O que me assusta não é um deputado comunista propor um projeto destes. É coerente e esperado, afinal ele está lá para propor projetos de acordo com ideais comunistas. O que chama a atenção é a facilidade com que convenceu muitos outros a segui-lo. Por isso, espero que gente mais preparada do que eu possa demover senadores de aprovarem este aborto. Pessoas como os notáveis da Academia Brasileira de Letras, em cujo site não encontrei uma linha sequer sobre o projeto de lei apesar de lá estar dito que ela não se furtará “a participar das grandes questões que desafiam a cultura contemporânea,” e que a Casa de Machado de Assis “é, portanto, o fórum privilegiado e com grande tradição para este novo mundo em que as culturas se enlaçam, geram diálogos fecundos e até instantâneos, por força do milagre da comunicação.”

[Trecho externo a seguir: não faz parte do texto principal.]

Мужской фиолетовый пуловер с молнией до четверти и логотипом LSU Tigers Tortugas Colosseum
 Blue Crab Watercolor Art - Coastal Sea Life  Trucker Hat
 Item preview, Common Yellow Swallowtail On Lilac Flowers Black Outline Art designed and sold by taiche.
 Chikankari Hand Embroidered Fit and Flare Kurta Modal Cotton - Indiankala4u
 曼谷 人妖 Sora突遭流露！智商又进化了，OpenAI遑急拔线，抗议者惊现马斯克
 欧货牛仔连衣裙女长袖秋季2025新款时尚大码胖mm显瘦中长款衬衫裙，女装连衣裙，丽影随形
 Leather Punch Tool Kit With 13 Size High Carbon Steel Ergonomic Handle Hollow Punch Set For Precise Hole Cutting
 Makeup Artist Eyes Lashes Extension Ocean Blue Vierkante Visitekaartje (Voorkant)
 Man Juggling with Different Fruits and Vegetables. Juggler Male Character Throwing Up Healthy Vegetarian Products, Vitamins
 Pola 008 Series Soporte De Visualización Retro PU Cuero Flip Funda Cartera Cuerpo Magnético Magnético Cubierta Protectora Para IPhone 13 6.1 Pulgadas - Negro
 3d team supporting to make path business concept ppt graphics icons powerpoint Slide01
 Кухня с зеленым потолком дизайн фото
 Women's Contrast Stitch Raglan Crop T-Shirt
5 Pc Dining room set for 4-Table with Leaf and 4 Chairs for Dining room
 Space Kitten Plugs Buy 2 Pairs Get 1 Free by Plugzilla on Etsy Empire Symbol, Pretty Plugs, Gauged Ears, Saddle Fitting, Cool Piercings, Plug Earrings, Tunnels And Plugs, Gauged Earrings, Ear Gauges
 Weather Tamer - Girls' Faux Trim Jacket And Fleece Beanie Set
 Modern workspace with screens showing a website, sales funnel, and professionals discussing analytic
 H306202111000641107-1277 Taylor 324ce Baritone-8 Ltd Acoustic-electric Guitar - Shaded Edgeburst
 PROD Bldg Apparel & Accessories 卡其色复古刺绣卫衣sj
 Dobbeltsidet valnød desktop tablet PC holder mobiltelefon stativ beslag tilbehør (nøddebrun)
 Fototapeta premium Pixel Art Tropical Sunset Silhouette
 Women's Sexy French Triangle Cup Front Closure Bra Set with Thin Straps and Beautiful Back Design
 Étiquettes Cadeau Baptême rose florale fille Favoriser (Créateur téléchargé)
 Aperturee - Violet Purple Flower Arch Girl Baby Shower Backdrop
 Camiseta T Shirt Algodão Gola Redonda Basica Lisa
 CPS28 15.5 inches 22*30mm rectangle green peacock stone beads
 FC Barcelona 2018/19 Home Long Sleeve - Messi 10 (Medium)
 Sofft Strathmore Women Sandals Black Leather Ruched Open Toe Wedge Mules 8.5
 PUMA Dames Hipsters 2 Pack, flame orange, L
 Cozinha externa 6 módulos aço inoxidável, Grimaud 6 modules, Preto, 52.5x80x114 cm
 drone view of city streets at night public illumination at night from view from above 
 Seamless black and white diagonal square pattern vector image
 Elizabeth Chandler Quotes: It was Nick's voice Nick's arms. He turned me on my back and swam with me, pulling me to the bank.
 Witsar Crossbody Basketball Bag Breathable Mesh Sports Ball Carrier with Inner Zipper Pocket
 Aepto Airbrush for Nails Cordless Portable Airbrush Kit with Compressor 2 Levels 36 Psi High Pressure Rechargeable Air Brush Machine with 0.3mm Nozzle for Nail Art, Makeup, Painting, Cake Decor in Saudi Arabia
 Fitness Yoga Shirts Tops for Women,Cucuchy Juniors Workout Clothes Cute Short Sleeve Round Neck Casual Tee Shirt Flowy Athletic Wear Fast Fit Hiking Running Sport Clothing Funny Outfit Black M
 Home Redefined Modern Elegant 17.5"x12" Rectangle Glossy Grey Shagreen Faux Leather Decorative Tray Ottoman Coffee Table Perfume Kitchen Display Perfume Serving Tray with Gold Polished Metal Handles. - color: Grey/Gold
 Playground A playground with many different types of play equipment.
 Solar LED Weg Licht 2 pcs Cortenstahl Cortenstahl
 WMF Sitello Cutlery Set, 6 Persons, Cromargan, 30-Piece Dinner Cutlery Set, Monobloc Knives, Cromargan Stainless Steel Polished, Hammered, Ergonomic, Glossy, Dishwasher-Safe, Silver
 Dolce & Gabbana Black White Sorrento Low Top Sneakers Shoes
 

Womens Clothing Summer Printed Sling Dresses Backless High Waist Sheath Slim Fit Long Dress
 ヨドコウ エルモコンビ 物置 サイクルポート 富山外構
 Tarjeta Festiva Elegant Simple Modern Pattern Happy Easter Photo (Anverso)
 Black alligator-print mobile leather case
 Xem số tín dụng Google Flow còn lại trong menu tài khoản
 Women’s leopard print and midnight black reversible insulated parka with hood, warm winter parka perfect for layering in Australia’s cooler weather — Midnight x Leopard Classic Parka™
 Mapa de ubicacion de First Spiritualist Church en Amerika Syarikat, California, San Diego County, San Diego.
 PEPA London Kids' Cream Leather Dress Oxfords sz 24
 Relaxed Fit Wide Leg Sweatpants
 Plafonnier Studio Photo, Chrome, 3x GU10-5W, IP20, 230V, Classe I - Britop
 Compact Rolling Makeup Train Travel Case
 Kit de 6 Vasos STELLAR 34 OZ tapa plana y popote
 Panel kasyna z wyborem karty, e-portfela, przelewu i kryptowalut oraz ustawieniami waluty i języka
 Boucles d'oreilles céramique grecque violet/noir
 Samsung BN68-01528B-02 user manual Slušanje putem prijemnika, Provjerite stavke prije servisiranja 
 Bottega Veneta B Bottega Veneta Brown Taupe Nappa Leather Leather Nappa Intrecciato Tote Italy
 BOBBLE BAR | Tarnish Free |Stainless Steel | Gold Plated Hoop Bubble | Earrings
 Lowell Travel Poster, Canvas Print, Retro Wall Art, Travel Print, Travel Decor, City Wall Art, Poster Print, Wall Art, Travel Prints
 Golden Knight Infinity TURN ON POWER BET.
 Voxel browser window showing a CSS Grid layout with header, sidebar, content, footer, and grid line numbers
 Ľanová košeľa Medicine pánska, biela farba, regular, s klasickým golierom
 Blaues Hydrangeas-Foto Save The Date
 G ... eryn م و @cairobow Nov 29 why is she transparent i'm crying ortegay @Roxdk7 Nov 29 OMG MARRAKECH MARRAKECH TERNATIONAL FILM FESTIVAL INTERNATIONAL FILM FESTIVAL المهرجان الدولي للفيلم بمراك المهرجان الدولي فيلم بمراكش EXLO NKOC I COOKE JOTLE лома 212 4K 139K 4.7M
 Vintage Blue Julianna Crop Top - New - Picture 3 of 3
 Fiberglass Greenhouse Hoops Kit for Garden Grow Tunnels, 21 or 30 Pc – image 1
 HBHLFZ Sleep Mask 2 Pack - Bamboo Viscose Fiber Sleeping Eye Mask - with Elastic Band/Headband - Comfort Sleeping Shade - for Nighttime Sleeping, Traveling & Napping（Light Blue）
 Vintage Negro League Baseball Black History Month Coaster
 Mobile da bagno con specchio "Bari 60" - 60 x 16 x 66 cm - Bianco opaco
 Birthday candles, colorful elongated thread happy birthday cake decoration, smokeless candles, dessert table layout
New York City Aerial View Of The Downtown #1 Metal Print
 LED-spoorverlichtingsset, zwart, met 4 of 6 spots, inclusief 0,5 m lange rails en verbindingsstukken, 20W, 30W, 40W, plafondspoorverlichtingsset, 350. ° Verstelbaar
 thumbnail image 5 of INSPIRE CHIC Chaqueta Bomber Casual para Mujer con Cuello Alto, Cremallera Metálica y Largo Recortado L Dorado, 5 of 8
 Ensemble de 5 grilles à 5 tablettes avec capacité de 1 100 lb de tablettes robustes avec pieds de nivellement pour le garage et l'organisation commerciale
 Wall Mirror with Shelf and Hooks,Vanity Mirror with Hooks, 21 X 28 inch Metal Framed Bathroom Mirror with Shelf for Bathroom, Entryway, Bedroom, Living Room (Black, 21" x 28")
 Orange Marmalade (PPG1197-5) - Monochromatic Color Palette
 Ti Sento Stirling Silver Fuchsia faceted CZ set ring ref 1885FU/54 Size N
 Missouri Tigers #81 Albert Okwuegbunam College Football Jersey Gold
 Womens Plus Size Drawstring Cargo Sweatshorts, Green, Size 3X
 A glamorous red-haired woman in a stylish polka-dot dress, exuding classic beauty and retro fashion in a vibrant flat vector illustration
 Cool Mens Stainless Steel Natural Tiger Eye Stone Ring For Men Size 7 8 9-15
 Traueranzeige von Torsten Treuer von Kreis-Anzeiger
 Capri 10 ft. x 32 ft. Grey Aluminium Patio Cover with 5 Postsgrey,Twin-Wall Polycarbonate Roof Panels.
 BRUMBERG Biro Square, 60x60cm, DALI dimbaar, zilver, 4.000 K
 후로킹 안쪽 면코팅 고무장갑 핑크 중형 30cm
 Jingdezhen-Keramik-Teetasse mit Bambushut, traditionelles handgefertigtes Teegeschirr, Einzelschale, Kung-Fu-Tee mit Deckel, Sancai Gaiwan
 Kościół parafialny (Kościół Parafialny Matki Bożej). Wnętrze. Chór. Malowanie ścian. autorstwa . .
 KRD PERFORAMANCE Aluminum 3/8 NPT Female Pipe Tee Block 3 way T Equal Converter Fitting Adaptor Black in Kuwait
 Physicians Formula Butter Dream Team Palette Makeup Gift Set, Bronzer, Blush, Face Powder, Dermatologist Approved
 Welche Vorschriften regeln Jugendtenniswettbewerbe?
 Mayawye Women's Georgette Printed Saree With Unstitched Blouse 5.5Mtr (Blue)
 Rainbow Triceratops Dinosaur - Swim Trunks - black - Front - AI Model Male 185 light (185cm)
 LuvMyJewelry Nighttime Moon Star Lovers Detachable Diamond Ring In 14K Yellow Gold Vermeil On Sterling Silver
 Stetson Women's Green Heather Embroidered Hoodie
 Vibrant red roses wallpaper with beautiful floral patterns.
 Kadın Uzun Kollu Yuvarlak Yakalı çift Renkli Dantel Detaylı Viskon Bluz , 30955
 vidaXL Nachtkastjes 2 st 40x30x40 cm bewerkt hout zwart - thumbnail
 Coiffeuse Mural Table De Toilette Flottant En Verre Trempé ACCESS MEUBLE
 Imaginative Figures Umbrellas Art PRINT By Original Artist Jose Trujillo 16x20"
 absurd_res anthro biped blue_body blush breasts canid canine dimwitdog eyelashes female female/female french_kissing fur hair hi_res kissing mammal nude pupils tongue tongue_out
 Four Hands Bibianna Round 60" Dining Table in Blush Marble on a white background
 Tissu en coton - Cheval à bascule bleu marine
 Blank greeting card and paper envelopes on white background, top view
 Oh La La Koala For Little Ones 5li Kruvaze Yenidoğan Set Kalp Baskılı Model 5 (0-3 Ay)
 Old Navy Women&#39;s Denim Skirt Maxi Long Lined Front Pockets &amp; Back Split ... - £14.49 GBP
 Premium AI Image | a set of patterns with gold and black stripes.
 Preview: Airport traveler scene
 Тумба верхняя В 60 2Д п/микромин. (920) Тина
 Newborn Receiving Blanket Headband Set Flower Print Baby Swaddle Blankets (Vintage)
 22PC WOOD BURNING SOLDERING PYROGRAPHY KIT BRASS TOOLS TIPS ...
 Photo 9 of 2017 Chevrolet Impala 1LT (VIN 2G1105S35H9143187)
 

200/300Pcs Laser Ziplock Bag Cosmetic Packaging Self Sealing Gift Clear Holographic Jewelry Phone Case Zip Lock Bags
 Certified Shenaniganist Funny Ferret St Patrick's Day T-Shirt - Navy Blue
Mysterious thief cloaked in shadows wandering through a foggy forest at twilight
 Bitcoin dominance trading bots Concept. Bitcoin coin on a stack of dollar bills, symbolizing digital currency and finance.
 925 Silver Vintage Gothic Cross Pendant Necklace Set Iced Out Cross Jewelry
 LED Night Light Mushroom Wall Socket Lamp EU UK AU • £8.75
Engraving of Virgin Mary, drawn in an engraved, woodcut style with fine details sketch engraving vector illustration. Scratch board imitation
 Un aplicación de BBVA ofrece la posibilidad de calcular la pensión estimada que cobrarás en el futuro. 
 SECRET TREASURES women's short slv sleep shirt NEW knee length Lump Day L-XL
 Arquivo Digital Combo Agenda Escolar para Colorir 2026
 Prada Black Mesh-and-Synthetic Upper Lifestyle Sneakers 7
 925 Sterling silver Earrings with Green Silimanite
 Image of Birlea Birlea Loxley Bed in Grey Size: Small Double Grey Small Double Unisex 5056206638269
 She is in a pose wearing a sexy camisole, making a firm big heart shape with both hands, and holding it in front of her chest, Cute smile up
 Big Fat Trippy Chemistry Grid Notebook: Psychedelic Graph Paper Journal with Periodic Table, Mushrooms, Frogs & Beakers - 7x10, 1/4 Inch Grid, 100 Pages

Mas lá encontrei, em texto do acadêmico Arnaldo Niskier, a opinião de que “Não há como conter esse crescimento, mesmo que, por vezes, seja ele fruto do que o crítico Wilson Martins chama de "desnacionalização lingüística (...)”
Não há “como conter” porque não há “o quê conter”. Toda a argumentação do Deputado Aldo Rebelo se evapora quando o mesmo Prof. Arnaldo Niskier nos recorda que: “Por outro lado, acreditamos que houve em nosso país um fenômeno social que, exagerando um pouco, fez mais pelo Brasil em termos de cidadania do que a escola. Estamos nos referindo ao futebol, que, por ocasião do seu aparecimento aqui, exigia que todos os jogadores falassem em inglês, (...) As 11 posições do time eram as da terminologia original, e o árbitro, o referee. Os puristas da língua propunham o termo balípodo para substituir football, mas o povo se encarregou de democratizá-lo. Aos poucos, o match foi substituído por jogo, ground por campo e as posições em campo transformaram-se em centro, lateral, goleiro, zagueiro, etc. Tudo isso sem a intervenção da língua culta.”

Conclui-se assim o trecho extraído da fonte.